▸ DATA FOR THE TASK:
--------------------------------------------------
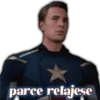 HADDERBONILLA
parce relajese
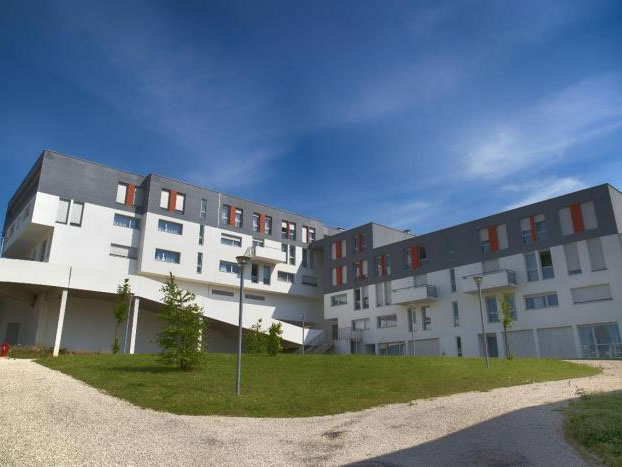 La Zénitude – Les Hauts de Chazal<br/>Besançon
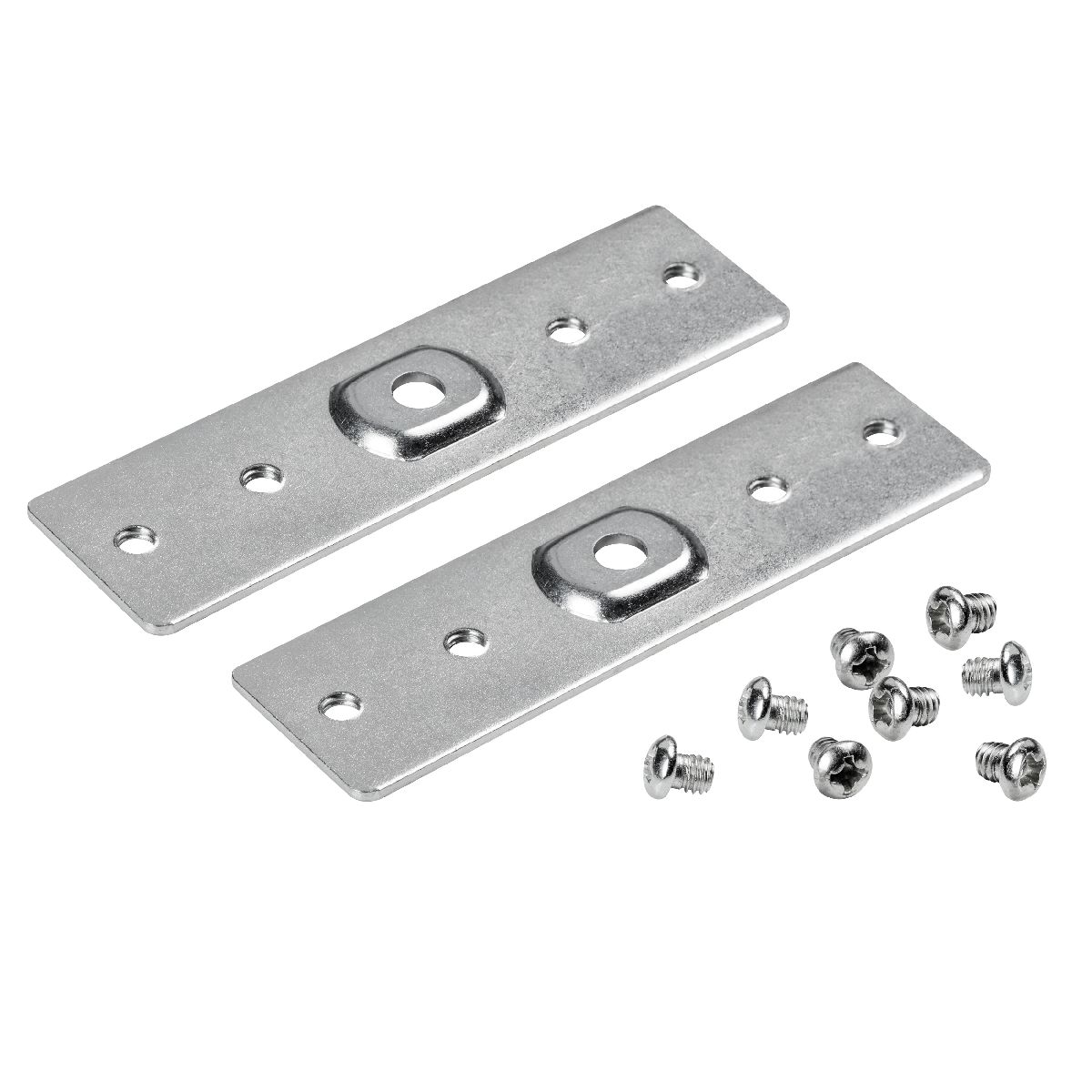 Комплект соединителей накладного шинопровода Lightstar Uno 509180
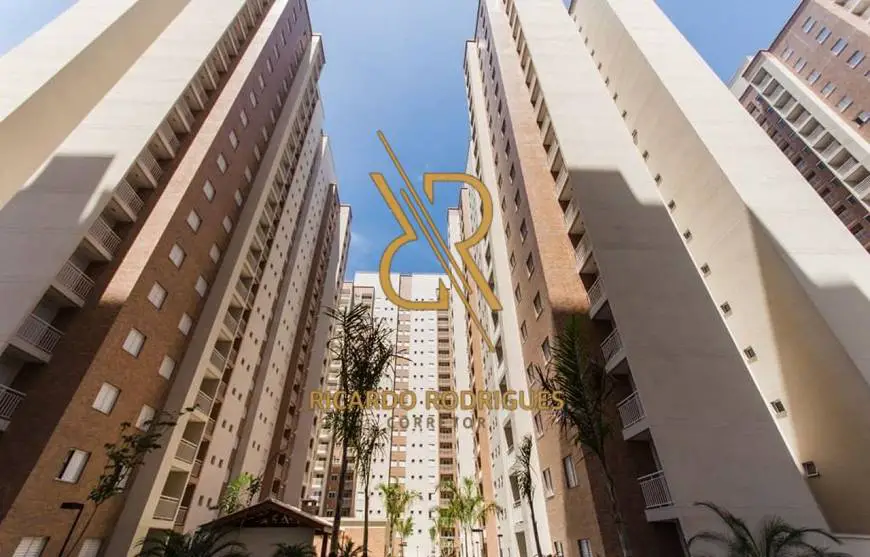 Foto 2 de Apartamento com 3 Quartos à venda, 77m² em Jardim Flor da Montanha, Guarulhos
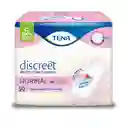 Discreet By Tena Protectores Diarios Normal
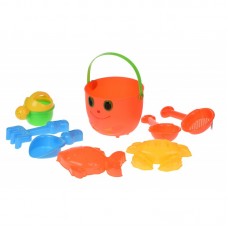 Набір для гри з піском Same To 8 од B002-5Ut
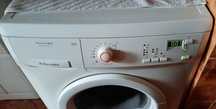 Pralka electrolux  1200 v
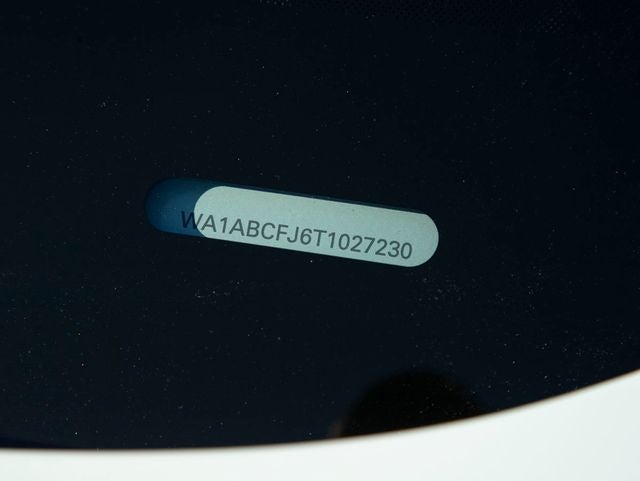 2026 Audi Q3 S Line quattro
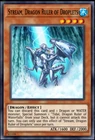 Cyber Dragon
--------------------------------------------------
▸ PROBLEM DETAILS: Without the pictures, extract every entry verbatim.

▸ RESPONSE TO THIS TASK:
 HADDERBONILLA
parce relajese
 La Zénitude – Les Hauts de Chazal<br/>Besançon
 Комплект соединителей накладного шинопровода Lightstar Uno 509180
 Foto 2 de Apartamento com 3 Quartos à venda, 77m² em Jardim Flor da Montanha, Guarulhos
 Discreet By Tena Protectores Diarios Normal
 Набір для гри з піском Same To 8 од B002-5Ut
 Pralka electrolux  1200 v
 2026 Audi Q3 S Line quattro
 Cyber Dragon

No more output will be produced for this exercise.